Recensione. Una lettura entusiasmante, un romanzo acclamato fin da subito, che non ha deluso le mie aspettative e mi ha regalato momenti di pura evasione e di coinvolgente emozione.
Inizio così la mia recensione, con toni entusiasti che non sono usuali per chi come me legge tanto e che è destinato ad essere sempre più esigente. Devo dire che non trovo pecche in questo romanzo, che è un’opera di fantasia ma che è così bene inserito nel periodo in cui è ambientato da assumere anche una connotazione storica.
Siamo nell’Inghilterra georgiana e l’occhio del lettore beneficia di un affaccio particolare su quest’epoca, che ci viene raccontata dal punto di vista dei meno abbienti: servette, mendicanti, derelitti. Una intera e variegata classe sociale, chiusa dall’ignoranza, dal peso delle superstizioni e appesa al cappio delle credenze popolari. Poveri che credono in un Dio castigatore, che punisce i peccatori e che si erge a giudice supremo sulla povera gente, già vessata da una giustizia sommaria, nelle mani di pochi.
Si vive di espedienti, di carità, di timore di Dio e si rifugge l’abominio del peccato e della colpa.
May è orfana e per uno strano scherzo del destino si trova a vestire i panni della “mangiapeccati”, una figura temuta ma necessaria, colei che ascolta la confessione dei peccati dei moribondi e si accolla le loro colpe, attraverso il “Pasto”, che consiste nel mangiare i cibi che raffigurano i peccati compiuti in vita dal morto. Una tradizione che affonda le proprie radici nella storia e che consiste in una sorta di traslazione dei peccati attraverso il rituale del pasto.
May è poco più di una ragazzina. E’ inesperta, non sa leggere né scrivere, è sola. Un granello di sabbia di fronte agli ingranaggi infidi e scriteriati della giustizia divina e temporale. Ma si farà spazio in un mondo ostile, riuscendo a trarre dalla propria missione gli insegnamenti e l’esperienza che la porteranno ad acquisire consapevolezza, crescita interiore e una grandissima maturità.
Insomma, una vera e propria eroina, dotata di una grande forza interiore, capace di trasformarsi in una giovane donna consapevole delle proprie attitudini e della propria forza interiore.
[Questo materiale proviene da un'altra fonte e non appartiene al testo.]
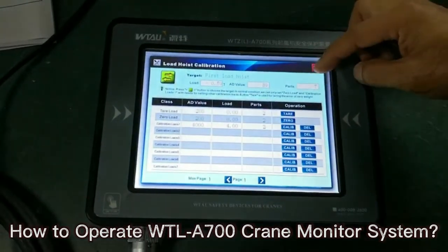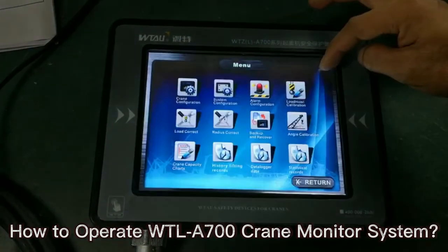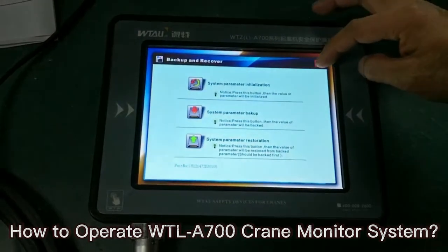It comes in an 8-inch color-touch LCD screen, clearly displays crane information for the operator. Simple to read, easy to use for any operator.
Il romanzo è scritto in prima persona. La voce di May è fresca, senza filtri, ingenua ma anche profonda, capace di analizzare la situazione politica e sociale del tempo e di guardarsi dentro con grande chiarezza. May riesce a stigmatizzare il proprio bisogno di contatto umano ma anche a trarre vantaggio dalla propria posizione, che è scomoda ma che le permette, per certi versi, anche di rendersi invisibile. Una voce infantile, che non nasconde i propri limiti e che costituisce la forza di questo romanzo, rendendo al massimo l’immedesimazione del lettore negli usi e nei costumi del tempo.
May incarna la solitudine, l’emarginazione, l’indifferenza. Eppure è capace di grandi slanci di generosità, di accoglienza verso i bisognosi, di compassione. Ma è anche obiettiva e impara a indossare una corazza per cogliere le opportunità che le si parano davanti. May è libera, quando si renderà conto di potersi sdoppiare tra il ruolo che la società le ha assegnato e cucito addosso come una maledizione e il suo essere semplicemente una ragazzina qualunque.
Il romanzo, oltre che ad una finestra su uno dei periodi più affascinanti della storia inglese, racchiude anche un piccolo giallo che stuzzicherà gli amanti dei misteri e dei complotti. May si renderà protagonista della scoperta di una verità scottante, che ricercherà con coraggio e perseveranza, fino all’epilogo, dentro ad una affascinante cornice di intrighi di Corte, di gelosie, segreti e veleni.
La prosa della Campisi è perfetta per narrare le gesta di una emarginata contro un sistema farraginoso e corrotto. Evocativa, efficace nel rendere giustizia ai sentimenti e ai pensieri della protagonista, piena di immagini, pura e priva di virtuosismi. Semplice e lineare come i pensieri di May, che rimangono pur sempre i pensieri di una adolescente inesperta.
La custode dei peccati è davvero un piccolo capolavoro di narrativa. Emozionante e avvincente, pieno di ingenuità che diventa consapevolezza e poi forza. La storia di una piccola donna costretta a portare sulla schiena un peso insopportabile, che muta in opportunità, consapevolezza e bisogno di giustizia. Una piccola donna che non si ribella con la forza e con il sangue, ma con l’uso intelligente del silenzio e che incarna tutto ciò che possiamo racchiudere nel concetto di eroe storico e morale.
Megan Campisi
Drammaturga, scrittrice e insegnante, Megan Campisi ha frequentato la Yale University e l’École Internationale de Théâtre Jacques Lecoq. Nel corso della sua vita, ha svolto diversi lavori, tra cui la guardia forestale e la sous-chef a Parigi, per poi girare il mondo come esperta di teatro fisico. Originaria della California, attualmente vive a Brooklyn con la famiglia. La custode dei peccati è il suo esordio nella narrativa.